[Records excerpted from a collection]

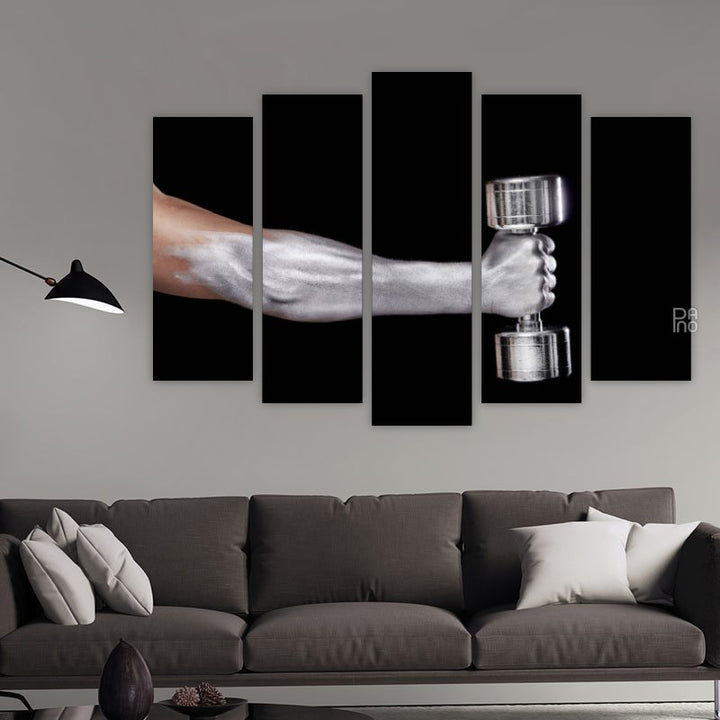 Muscular silver arm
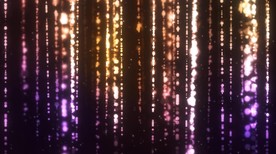 光斑粒子瀑布水晶帘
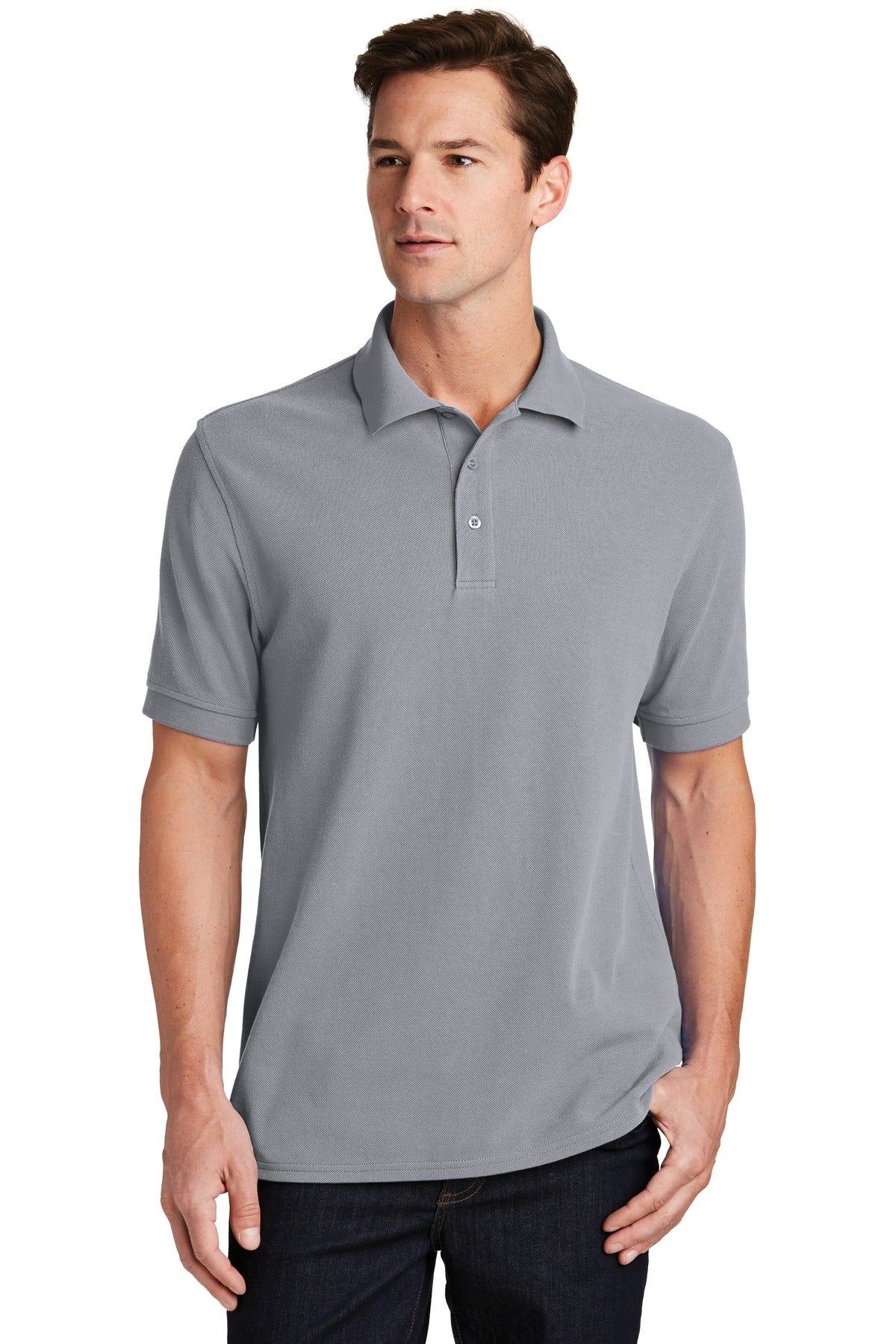 Port & Co Men's   Combed Ring Spun Pique Polo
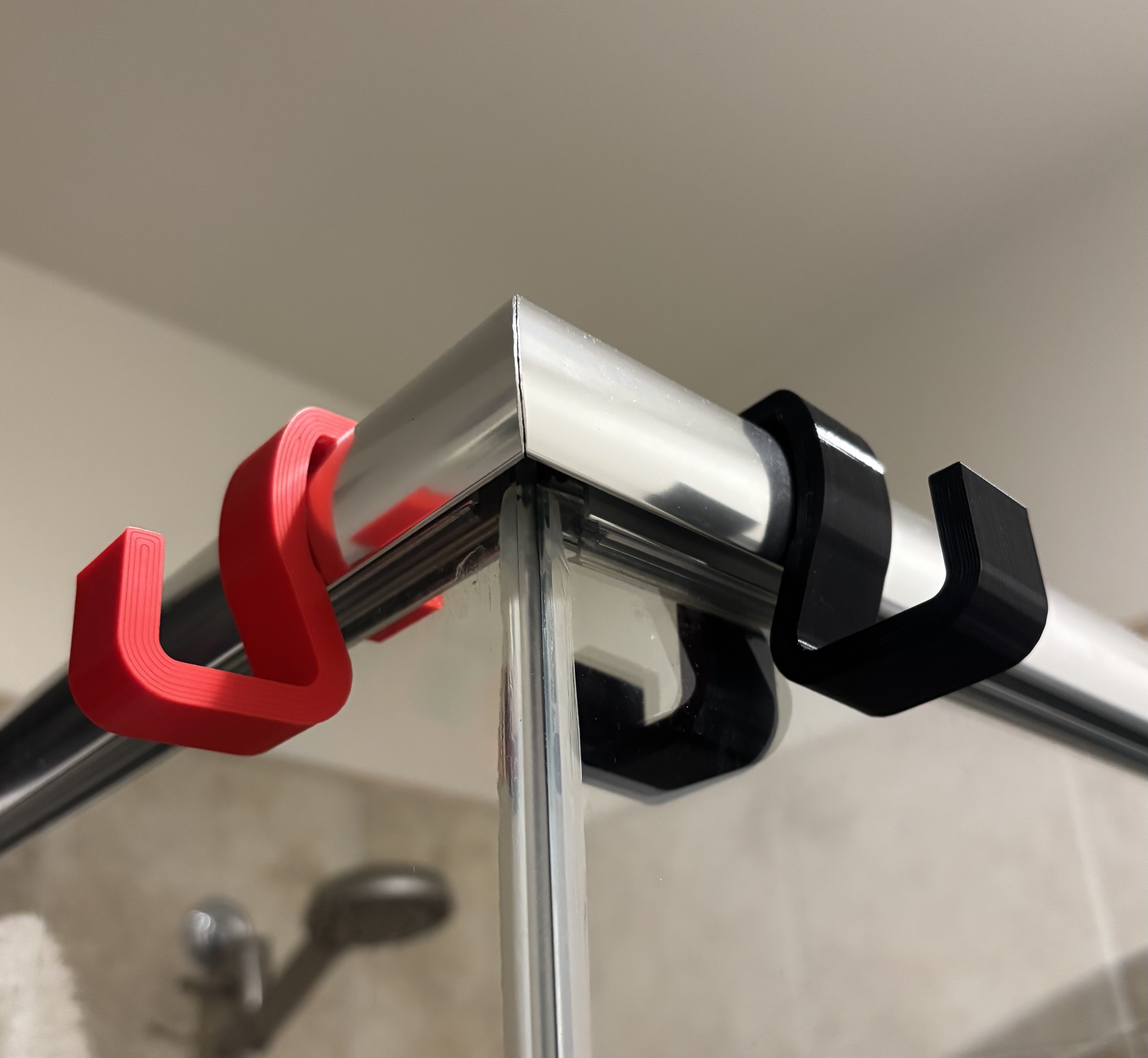 Shower Glass Wall Single and Double Hanging Hooks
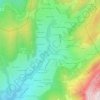Mapa topográfico La Panissière, altitude, relevo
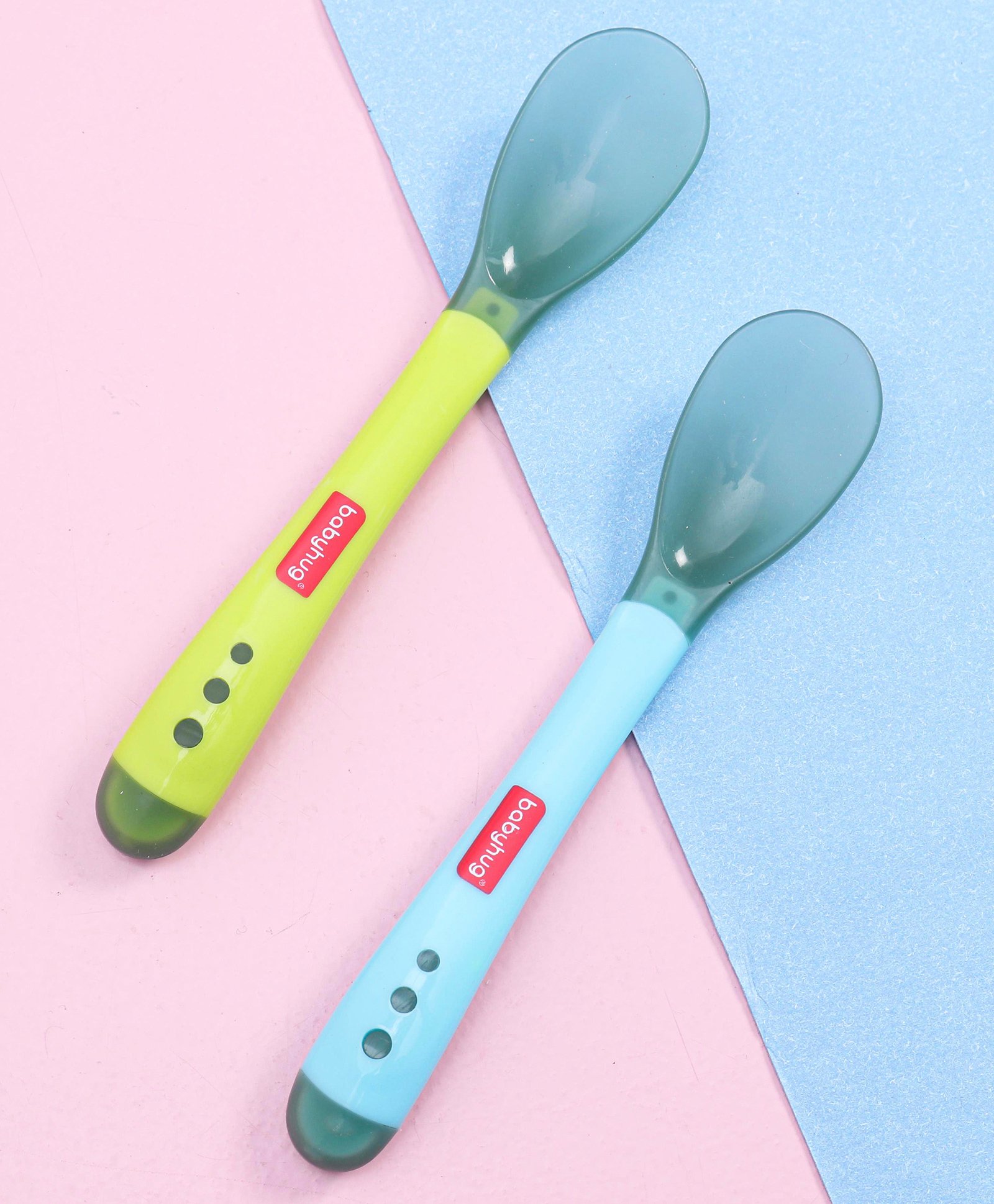 Babyhug Heat Sensitive Spoons Pack of 2 - Blue Green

• Directions for this task
Please leave out the pictures while you copy exactly the lines from the one containing "Port & Co Men's" through the end of the records.

• Worked solution
 Port & Co Men's   Combed Ring Spun Pique Polo
 Shower Glass Wall Single and Double Hanging Hooks
Mapa topográfico La Panissière, altitude, relevo
 Babyhug Heat Sensitive Spoons Pack of 2 - Blue Green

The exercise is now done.